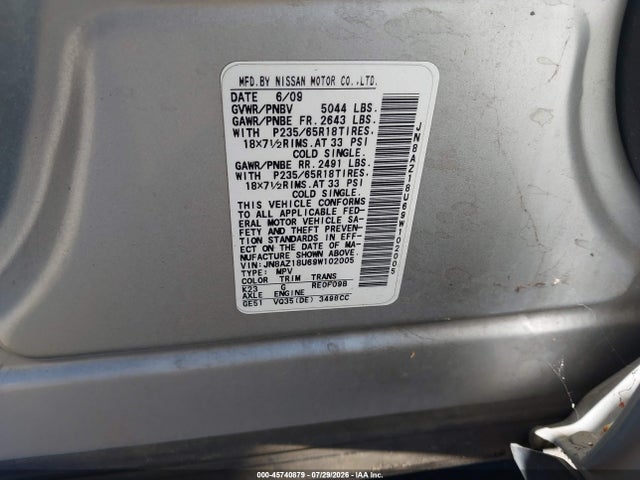 2009 Nissan Murano S მანქანა იყიდება აუქციონზე, vin: JN8AZ18U69W102005, აუქციონის ნომერი: 45740879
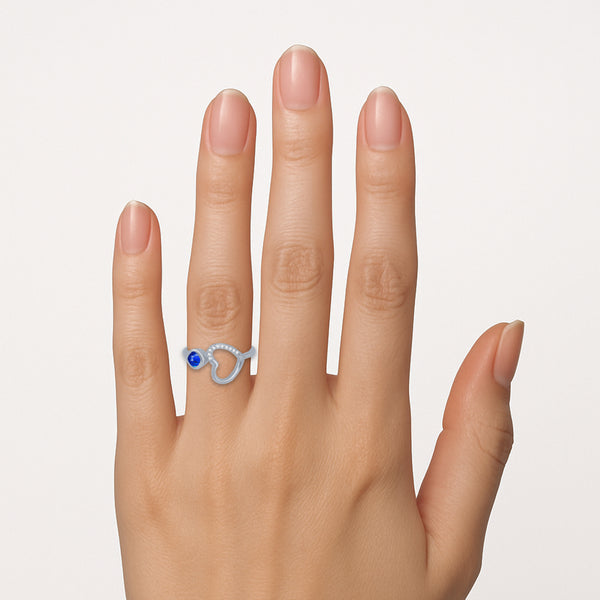 Blue Heart Spark Ring – Rhodium Plated 925 Sterling Silver
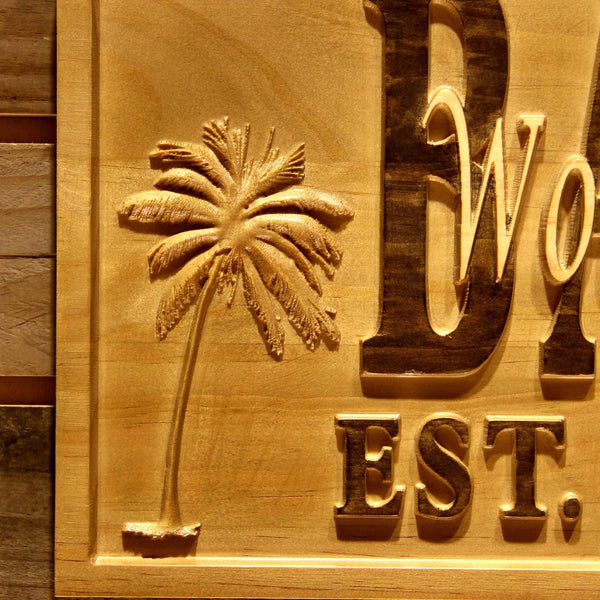 ADVPRO Name Personalized Palm Tree Island Family Name First Names Est. Date Wood Engraved Wooden Sign wpa0542-tm - Details 3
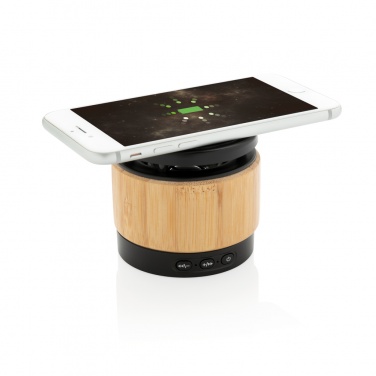 Logo trade promotional giveaway photo of: Bamboo wireless charger speaker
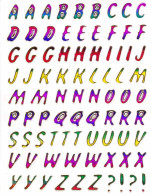 Buchstaben ABC Ziffern Aufkleber Metallic Look / Letters Sticker 13x10 Cm ST458 - Scrapbooking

> _Work to complete_
Without reproducing any picture, repeat exactly the lines from the one containing "Logo trade promotional" through the last line of the material above, both ends included.

> _Response for this exercise_
 Logo trade promotional giveaway photo of: Bamboo wireless charger speaker
 Buchstaben ABC Ziffern Aufkleber Metallic Look / Letters Sticker 13x10 Cm ST458 - Scrapbooking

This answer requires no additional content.